- [Work to be completed] Could you transcribe every entry exactly, leaving nothing out?

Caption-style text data
════════

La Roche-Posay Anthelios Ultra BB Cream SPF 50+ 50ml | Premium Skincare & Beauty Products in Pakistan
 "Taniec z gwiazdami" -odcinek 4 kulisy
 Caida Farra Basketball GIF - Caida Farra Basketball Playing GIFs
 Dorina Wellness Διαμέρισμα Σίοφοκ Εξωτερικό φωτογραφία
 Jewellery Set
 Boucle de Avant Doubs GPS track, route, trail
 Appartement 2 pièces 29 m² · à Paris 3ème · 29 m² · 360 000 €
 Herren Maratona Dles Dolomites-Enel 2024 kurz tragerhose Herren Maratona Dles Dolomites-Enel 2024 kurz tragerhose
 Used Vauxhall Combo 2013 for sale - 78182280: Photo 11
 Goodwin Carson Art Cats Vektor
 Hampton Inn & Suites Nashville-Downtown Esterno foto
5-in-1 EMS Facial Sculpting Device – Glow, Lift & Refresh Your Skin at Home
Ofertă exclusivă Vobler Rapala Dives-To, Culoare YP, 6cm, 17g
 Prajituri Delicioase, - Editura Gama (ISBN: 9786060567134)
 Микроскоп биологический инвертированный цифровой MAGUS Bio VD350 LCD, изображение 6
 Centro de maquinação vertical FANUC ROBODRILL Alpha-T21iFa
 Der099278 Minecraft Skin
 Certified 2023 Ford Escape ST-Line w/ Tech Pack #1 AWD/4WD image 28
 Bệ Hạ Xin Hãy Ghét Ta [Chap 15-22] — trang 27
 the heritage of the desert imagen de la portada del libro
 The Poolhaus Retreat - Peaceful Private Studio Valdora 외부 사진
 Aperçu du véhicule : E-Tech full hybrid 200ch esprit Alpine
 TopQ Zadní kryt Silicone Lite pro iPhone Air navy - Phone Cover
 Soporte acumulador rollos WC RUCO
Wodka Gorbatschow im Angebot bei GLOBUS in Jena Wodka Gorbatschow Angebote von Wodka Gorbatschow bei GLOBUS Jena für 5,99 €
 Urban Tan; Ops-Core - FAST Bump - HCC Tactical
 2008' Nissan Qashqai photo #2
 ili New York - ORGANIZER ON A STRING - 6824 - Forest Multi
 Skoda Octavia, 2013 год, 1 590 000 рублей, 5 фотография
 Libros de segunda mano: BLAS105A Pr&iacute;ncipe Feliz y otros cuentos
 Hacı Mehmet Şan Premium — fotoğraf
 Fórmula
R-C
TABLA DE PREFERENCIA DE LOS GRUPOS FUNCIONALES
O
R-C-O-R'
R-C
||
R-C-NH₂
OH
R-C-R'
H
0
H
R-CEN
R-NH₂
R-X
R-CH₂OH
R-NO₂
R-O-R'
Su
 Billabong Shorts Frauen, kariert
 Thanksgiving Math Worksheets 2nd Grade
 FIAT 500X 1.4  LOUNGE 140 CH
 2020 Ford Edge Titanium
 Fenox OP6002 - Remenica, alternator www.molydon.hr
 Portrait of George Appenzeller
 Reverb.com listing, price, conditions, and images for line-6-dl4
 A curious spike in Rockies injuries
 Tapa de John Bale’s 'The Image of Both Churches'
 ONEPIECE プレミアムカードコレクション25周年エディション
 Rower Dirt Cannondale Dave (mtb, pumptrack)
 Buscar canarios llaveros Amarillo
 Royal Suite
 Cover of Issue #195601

════════

- [Exercise result]
La Roche-Posay Anthelios Ultra BB Cream SPF 50+ 50ml | Premium Skincare & Beauty Products in Pakistan
 "Taniec z gwiazdami" -odcinek 4 kulisy
 Caida Farra Basketball GIF - Caida Farra Basketball Playing GIFs
 Dorina Wellness Διαμέρισμα Σίοφοκ Εξωτερικό φωτογραφία
 Jewellery Set
 Boucle de Avant Doubs GPS track, route, trail
 Appartement 2 pièces 29 m² · à Paris 3ème · 29 m² · 360 000 €
 Herren Maratona Dles Dolomites-Enel 2024 kurz tragerhose Herren Maratona Dles Dolomites-Enel 2024 kurz tragerhose
 Used Vauxhall Combo 2013 for sale - 78182280: Photo 11
 Goodwin Carson Art Cats Vektor
 Hampton Inn & Suites Nashville-Downtown Esterno foto
5-in-1 EMS Facial Sculpting Device – Glow, Lift & Refresh Your Skin at Home
Ofertă exclusivă Vobler Rapala Dives-To, Culoare YP, 6cm, 17g
 Prajituri Delicioase, - Editura Gama (ISBN: 9786060567134)
 Микроскоп биологический инвертированный цифровой MAGUS Bio VD350 LCD, изображение 6
 Centro de maquinação vertical FANUC ROBODRILL Alpha-T21iFa
 Der099278 Minecraft Skin
 Certified 2023 Ford Escape ST-Line w/ Tech Pack #1 AWD/4WD image 28
 Bệ Hạ Xin Hãy Ghét Ta [Chap 15-22] — trang 27
 the heritage of the desert imagen de la portada del libro
 The Poolhaus Retreat - Peaceful Private Studio Valdora 외부 사진
 Aperçu du véhicule : E-Tech full hybrid 200ch esprit Alpine
 TopQ Zadní kryt Silicone Lite pro iPhone Air navy - Phone Cover
 Soporte acumulador rollos WC RUCO
Wodka Gorbatschow im Angebot bei GLOBUS in Jena Wodka Gorbatschow Angebote von Wodka Gorbatschow bei GLOBUS Jena für 5,99 €
 Urban Tan; Ops-Core - FAST Bump - HCC Tactical
 2008' Nissan Qashqai photo #2
 ili New York - ORGANIZER ON A STRING - 6824 - Forest Multi
 Skoda Octavia, 2013 год, 1 590 000 рублей, 5 фотография
 Libros de segunda mano: BLAS105A Pr&iacute;ncipe Feliz y otros cuentos
 Hacı Mehmet Şan Premium — fotoğraf
 Fórmula
R-C
TABLA DE PREFERENCIA DE LOS GRUPOS FUNCIONALES
O
R-C-O-R'
R-C
||
R-C-NH₂
OH
R-C-R'
H
0
H
R-CEN
R-NH₂
R-X
R-CH₂OH
R-NO₂
R-O-R'
Su
 Billabong Shorts Frauen, kariert
 Thanksgiving Math Worksheets 2nd Grade
 FIAT 500X 1.4  LOUNGE 140 CH
 2020 Ford Edge Titanium
 Fenox OP6002 - Remenica, alternator www.molydon.hr
 Portrait of George Appenzeller
 Reverb.com listing, price, conditions, and images for line-6-dl4
 A curious spike in Rockies injuries
 Tapa de John Bale’s 'The Image of Both Churches'
 ONEPIECE プレミアムカードコレクション25周年エディション
 Rower Dirt Cannondale Dave (mtb, pumptrack)
 Buscar canarios llaveros Amarillo
 Royal Suite
 Cover of Issue #195601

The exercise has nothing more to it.